Re: [RFC PATCH -mm 0/4] mm, security, bpf: Fine-grained control over memory policy adjustments with lsm bpf

Yafang Shao <laoar.shao@xxxxxxxxx> · Tue, 14 Nov 2023 19:59:53 +0800

On Tue, Nov 14, 2023 at 6:15 PM Michal Hocko <mhocko@xxxxxxxx> wrote:
>
> On Mon 13-11-23 11:15:06, Yafang Shao wrote:
> > On Mon, Nov 13, 2023 at 12:45 AM Casey Schaufler <casey@xxxxxxxxxxxxxxxx> wrote:
> > >
> > > On 11/11/2023 11:34 PM, Yafang Shao wrote:
> > > > Background
> > > > ==========
> > > >
> > > > In our containerized environment, we've identified unexpected OOM events
> > > > where the OOM-killer terminates tasks despite having ample free memory.
> > > > This anomaly is traced back to tasks within a container using mbind(2) to
> > > > bind memory to a specific NUMA node.

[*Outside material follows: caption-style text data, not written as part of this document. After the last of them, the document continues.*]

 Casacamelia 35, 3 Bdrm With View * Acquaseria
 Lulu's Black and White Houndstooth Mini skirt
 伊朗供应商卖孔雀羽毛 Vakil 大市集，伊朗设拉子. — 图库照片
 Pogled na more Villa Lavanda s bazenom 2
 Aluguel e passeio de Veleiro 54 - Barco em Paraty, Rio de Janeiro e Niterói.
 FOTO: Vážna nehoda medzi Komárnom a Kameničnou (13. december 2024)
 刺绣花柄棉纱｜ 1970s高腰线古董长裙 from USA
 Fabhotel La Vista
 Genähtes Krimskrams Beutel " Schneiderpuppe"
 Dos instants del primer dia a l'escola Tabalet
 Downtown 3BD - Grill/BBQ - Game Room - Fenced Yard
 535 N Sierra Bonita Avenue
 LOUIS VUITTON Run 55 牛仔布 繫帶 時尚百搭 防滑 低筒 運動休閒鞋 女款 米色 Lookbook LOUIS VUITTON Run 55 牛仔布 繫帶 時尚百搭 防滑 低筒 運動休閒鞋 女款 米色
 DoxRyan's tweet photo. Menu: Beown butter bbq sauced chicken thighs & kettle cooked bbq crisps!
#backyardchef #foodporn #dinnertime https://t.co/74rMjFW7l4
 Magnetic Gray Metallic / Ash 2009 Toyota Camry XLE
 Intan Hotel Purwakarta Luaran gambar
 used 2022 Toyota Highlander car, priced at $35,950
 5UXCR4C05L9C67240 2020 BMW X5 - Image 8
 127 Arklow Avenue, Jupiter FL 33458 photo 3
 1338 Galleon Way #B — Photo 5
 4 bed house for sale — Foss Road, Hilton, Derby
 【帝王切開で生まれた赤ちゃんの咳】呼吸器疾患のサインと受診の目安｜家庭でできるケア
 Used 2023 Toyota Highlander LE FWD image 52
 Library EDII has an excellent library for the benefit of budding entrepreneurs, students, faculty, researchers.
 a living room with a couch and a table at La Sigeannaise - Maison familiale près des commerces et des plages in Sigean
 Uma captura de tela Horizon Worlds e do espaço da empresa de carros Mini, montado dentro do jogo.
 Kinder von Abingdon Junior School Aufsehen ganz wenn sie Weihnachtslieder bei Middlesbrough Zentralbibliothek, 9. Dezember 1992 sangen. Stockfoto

When the allocated memory on this node
> > > > is exhausted, the OOM-killer, prioritizing tasks based on oom_score,
> > > > indiscriminately kills tasks. This becomes more critical with guaranteed
> > > > tasks (oom_score_adj: -998) aggravating the issue.
> > >
> > > Is there some reason why you can't fix the callers of mbind(2)?
> > > This looks like an user space configuration error rather than a
> > > system security issue.
> >
> > It appears my initial description may have caused confusion. In this
> > scenario, the caller is an unprivileged user lacking any capabilities.
> > While a privileged user, such as root, experiencing this issue might
> > indicate a user space configuration error, the concerning aspect is
> > the potential for an unprivileged user to disrupt the system easily.
> > If this is perceived as a misconfiguration, the question arises: What
> > is the correct configuration to prevent an unprivileged user from
> > utilizing mbind(2)?"
>
> How is this any different than a non NUMA (mbind) situation?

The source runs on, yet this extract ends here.